The lambda in wait_for_record_count calls self.flattened_records() twice on every poll cycle (once for the length check, once to return the list). For larger payload counts this doubles the iteration work. Caching the call result avoids it.

♻️ Optional refactor
     def wait_for_record_count(self, minimum_count, timeout=10):
+        def _check():
+            records = self.flattened_records()
+            return records if len(records) >= minimum_count else None
+
         return self.service.wait_for_condition(
-            lambda: self.flattened_records() if len(self.flattened_records()) >= minimum_count else None,
+            _check,
             timeout=timeout,
             interval=0.2,
             description=f"{minimum_count} forwarded UDP payloads",
         )
🤖 Prompt for AI Agents
Verify each finding against current code. Fix only still-valid issues, skip the
rest with a brief reason, keep changes minimal, and validate.

In `@tests/integration/scenarios/in_udp/tests/test_in_udp_001.py` around lines 75
- 81, The lambda passed to wait_for_condition in wait_for_record_count calls
self.flattened_records() twice per poll, wasting work; modify the lambda so it
calls self.flattened_records() once (e.g., assign to a local variable like
records inside the lambda), then check len(records) against minimum_count and
return records when ready. Update the lambda used in wait_for_record_count to
reuse that single records value and keep the same timeout/interval/description
parameters for wait_for_condition.

148-174: ⚡ Quick win

The config correctly uses format: json to drop malformed datagrams.

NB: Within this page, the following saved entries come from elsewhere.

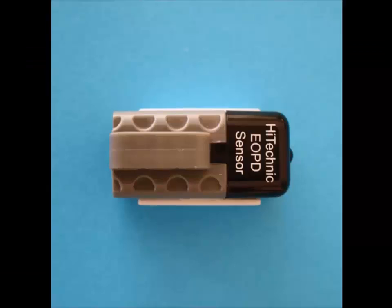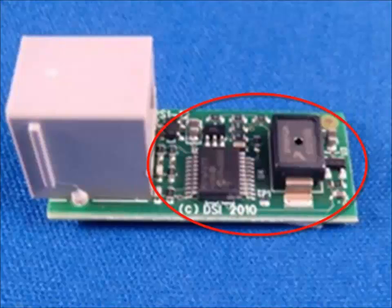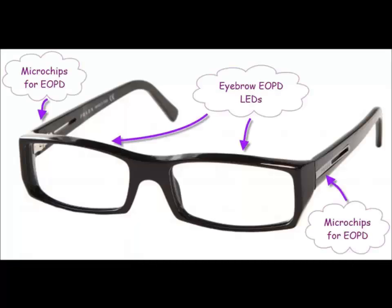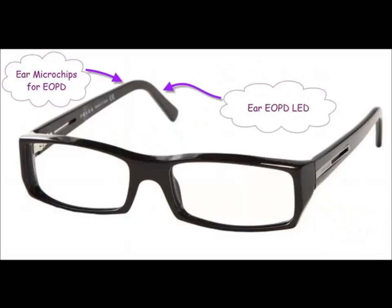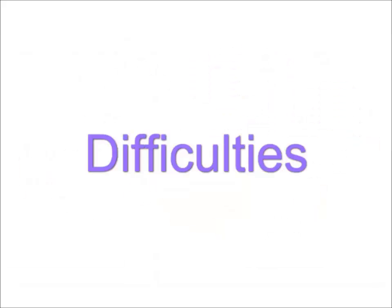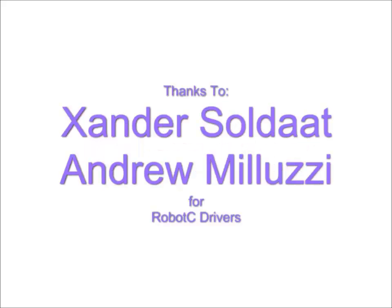While LEGO sensors can be big and clumsy, the electronic components inside are only a few millimeters thick, and can easily be built into a pair of thick-rimmed glasses. Eyebrow sensors here, ear sensors here, NXT radio here. The nose sensor worked, but the movement is probably too small to be reliable. We only had two EOPD sensors instead of the four needed, so we had to test in halves.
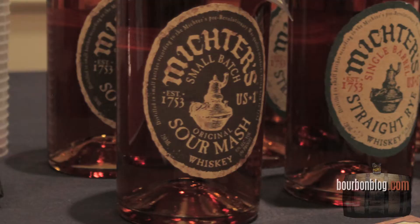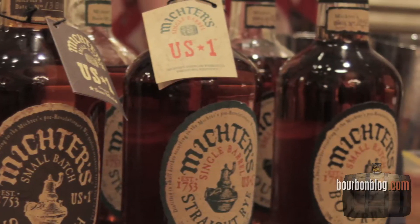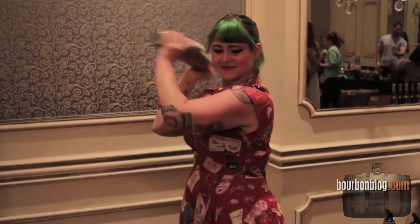That sounds phenomenal. So what do you like about mixing with Mictors? Well, number one, Mictors Rye is my favorite Sazerac making rye. It's just delicious. It's nice, it's dry, it's got that full classic rye flavor.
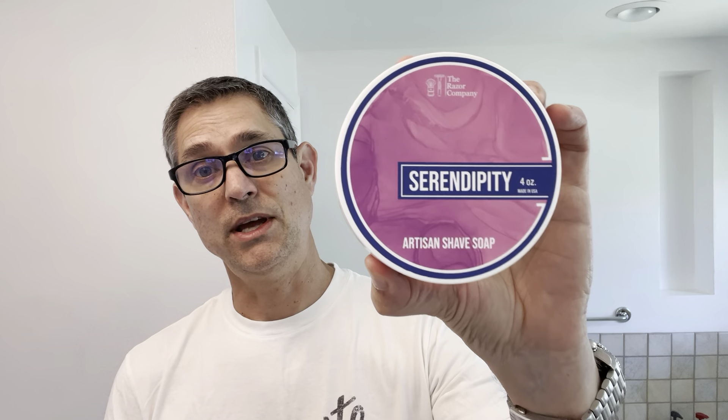For today's shave, you may have seen from the thumbnail, we are using the Razor Company's Serendipity as a soap. We have the matching splash. For a razor, we are using the Parker Solo Edge. This is a two-piece razor — it is a half DE single-edge razor. We are all lathered up in the bowl here. For a brush, I have this old Smiles for Miles synthetic brush. It's the only thing kind of matchy-matchy from a brush handle that I had — it's close to the color of the set, so I chose to go with that.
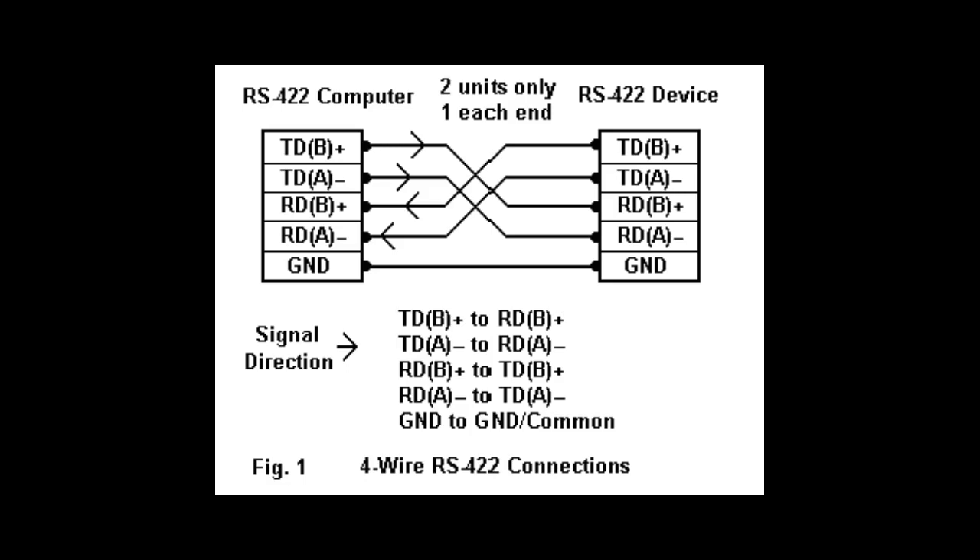RS-422 is used in industrial environments with a lot of electromagnetic interference, or where more than two serial devices need to be chained together. It is typically used for high-speed synchronous communication between data terminal equipment and multiple daisy-chain data communications equipment.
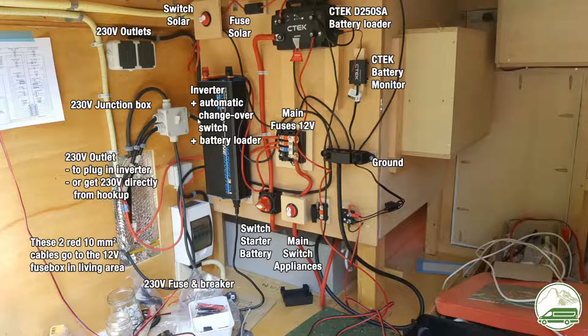Here on the left is our inverter — that's the 1000W pure sine inverter which powers all the AC sockets in the van. All the wiring here on the left is 220V AC current. Then this box here in the corner is the fuse and breaker for the 220V AC. This cable on the bottom goes through the floor of the van to our 220 hookup.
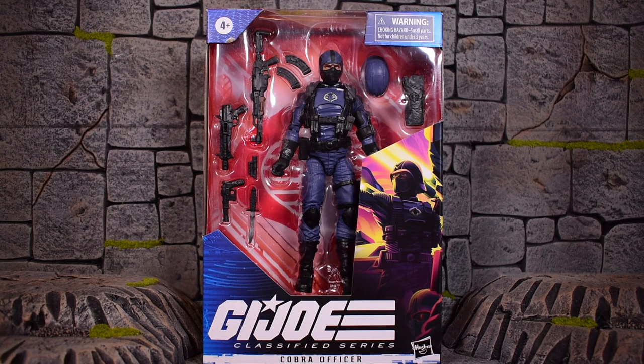The final figure of the new wave of G.I. Joe Classified Series is going to be the Cobra Officer. This is number 37 in the entire line, and he's part of the wave that comes with Spirit Iron Knife and the classic Storm Shadow. It's a wave of three, and the case is assorted with two of each, so it's a case of six.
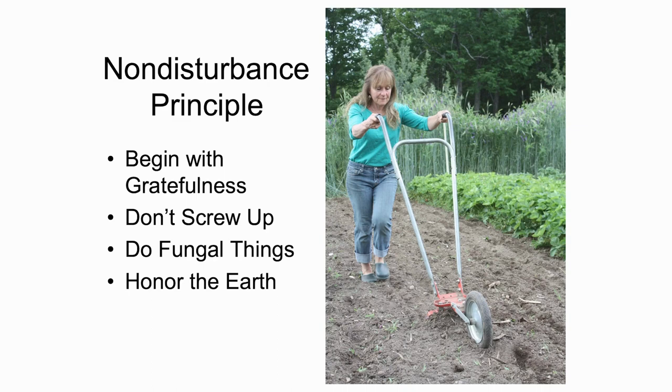Go on from there to deliberately doing fungal things. And it ends with the fact that we're honoring the earth. We're honoring the way nature does health. And that in turn means that we become better and better growers.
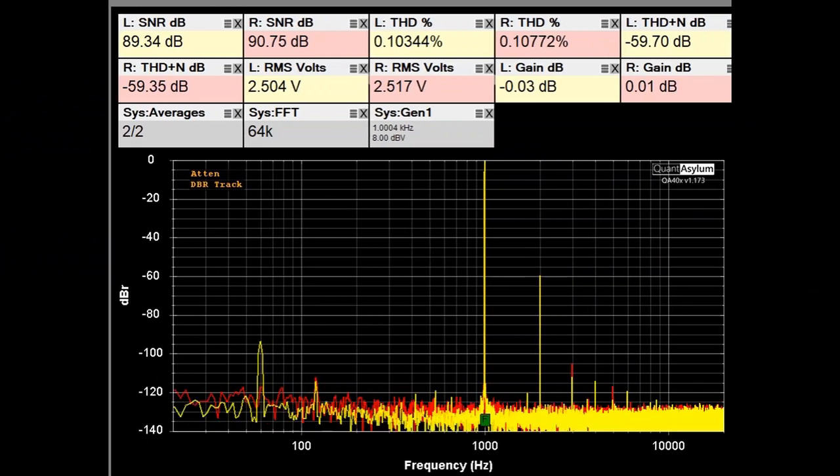Here we have the THD and SNR at 1 kilohertz with a 2.5 volt input signal applied, using the CD input. The volume is adjusted for about 0 dB of gain, and we've got 2.5 volts coming out. Our THD for this level of input signal is supposed to be 0.1%, and we are meeting that requirement. The SNR is right around 90 dB — the spec is better than 92 dB — and the THD plus noise is about minus 60 dB. I'm going to bring up the harmonics.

The in_udp_json_workers.yaml file uses format: json (confirmed), which drops invalid records rather than forwarding them as fallback log lines. The test will work as intended—malformed datagrams are discarded and only valid records reach the assertion, so the KeyError risk is not present here.

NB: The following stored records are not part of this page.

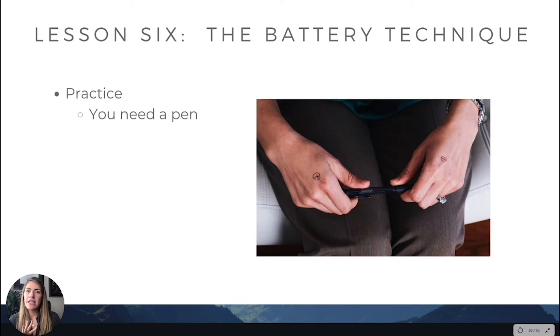All you need is a pen. It's okay to be negative, it's okay to be positive. Here's the charging concept: when you hold the pen in both hands, that is the goal. What you do is take the pen and draw a negative sign on your left hand and a positive sign on your right hand. So now you've got your positive and your negative.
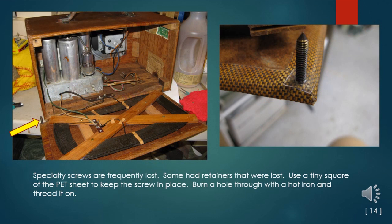Here is a use for tiny bits of plastic packaging — a misplaced resource. Many specialty screws are frequently lost on old radios; some had retainers that were lost. Use a tiny square of PET sheet to keep the screw in place. Burn a hole through with a hot iron and thread it on.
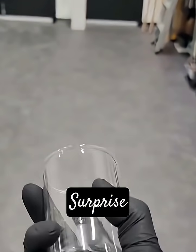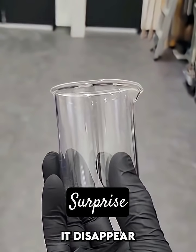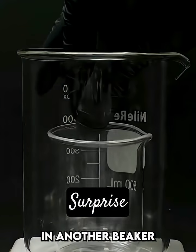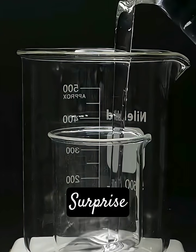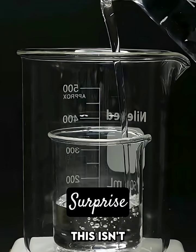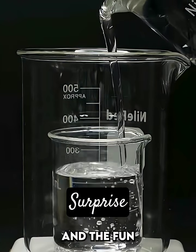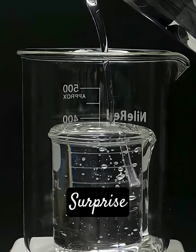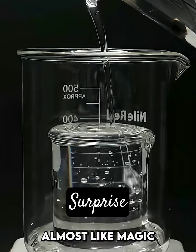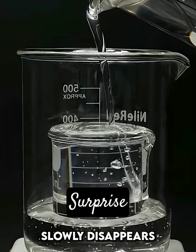This is just a regular beaker, and I want to make it disappear. To do this, I'll put it in another beaker and I'll pour in a goopy liquid. At first, this isn't too interesting, and the fun only happens when the goo starts overflowing. Now, almost like magic, the beaker slowly disappears.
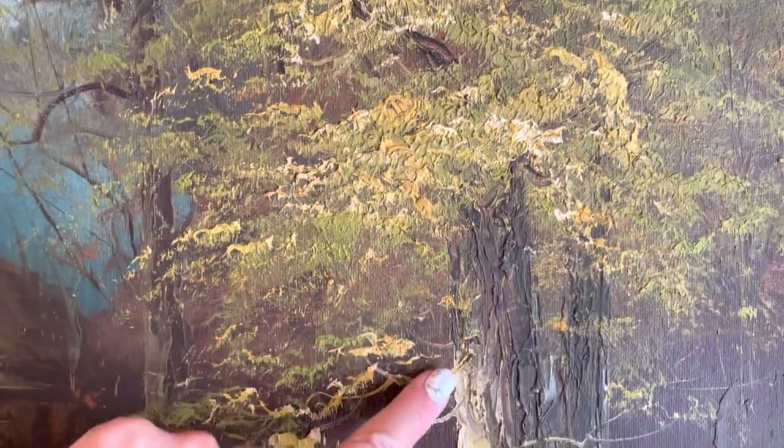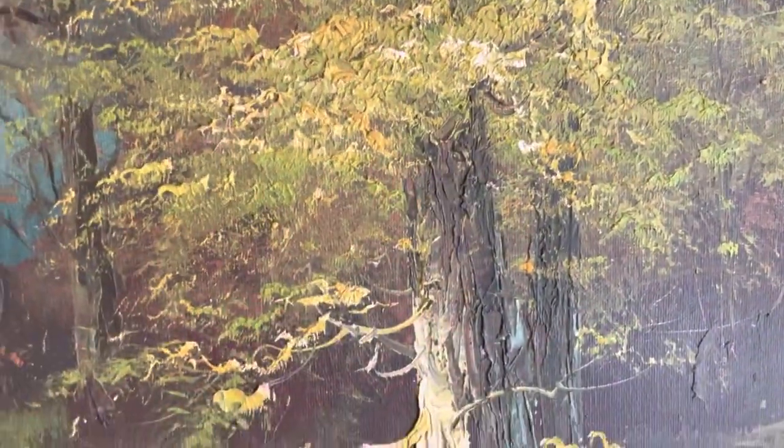You can kind of see the texture right here in the trees. There we go.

That said, adding an explicit assert len(records) == valid_records check before the values assertion would provide a clearer failure message if the count unexpectedly diverges, improving test robustness.

🤖 Prompt for AI Agents
Verify each finding against current code. Fix only still-valid issues, skip the
rest with a brief reason, keep changes minimal, and validate.

In `@tests/integration/scenarios/in_udp/tests/test_in_udp_001.py` around lines 148
- 174, The test test_in_udp_workers_drop_malformed_datagrams_and_continue relies
on wait_for_record_count but lacks an explicit check that the number of records
equals valid_records; add an assertion like assert len(records) == valid_records
immediately after records = service.wait_for_record_count(...) to produce a
clearer failure message if counts differ before extracting values from records.
tests/integration/scenarios/in_forward/tests/test_in_forward_001.py (1)

424-432: ⚡ Quick win

Consolidate duplicate TCP-send helpers.

_drop_partial_tcp_payload and _drop_raw_tls_connection are byte-for-byte identical to the existing _send_tcp_payload — three copies of the same two-line helper. The differentiation only lives in the names (and _drop_raw_tls_connection's name is also misleading: it doesn't speak TLS, it just dumps raw bytes against a TLS port). Either drop the new helpers and call _send_tcp_payload at the test sites with a brief inline comment, or keep one helper whose name explains the negative-path intent.

♻️ Proposed consolidation
-def _drop_partial_tcp_payload(port, payload):
-    with socket.create_connection(("127.0.0.1", port), timeout=5) as sock:
-        sock.sendall(payload)
-
-
 def _send_unix_payload(path, payload):
@@
-def _drop_raw_tls_connection(port, payload):
-    with socket.create_connection(("127.0.0.1", port), timeout=5) as sock:
-        sock.sendall(payload)
-
-
 def _recv_msgpack_value(sock):

…and update the two call sites:

-                lambda _: _drop_partial_tcp_payload(service.flb_listener_port, b"\x93\xa4test"),
+                # Send a truncated msgpack array and close to exercise partial-payload handling.
+                lambda _: _send_tcp_payload(service.flb_listener_port, b"\x93\xa4test"),
@@
-                lambda i: _drop_raw_tls_connection(service.flb_listener_port,
-                                                   f"not-tls-{i}".encode("utf-8")),
+                # Send raw (non-TLS) bytes to a TLS port to exercise bad-handshake recovery.
+                lambda i: _send_tcp_payload(service.flb_listener_port,
+                                            f"not-tls-{i}".encode("utf-8")),

Also applies to: 448-451

🤖 Prompt for AI Agents
Verify each finding against current code. Fix only still-valid issues, skip the
rest with a brief reason, keep changes minimal, and validate.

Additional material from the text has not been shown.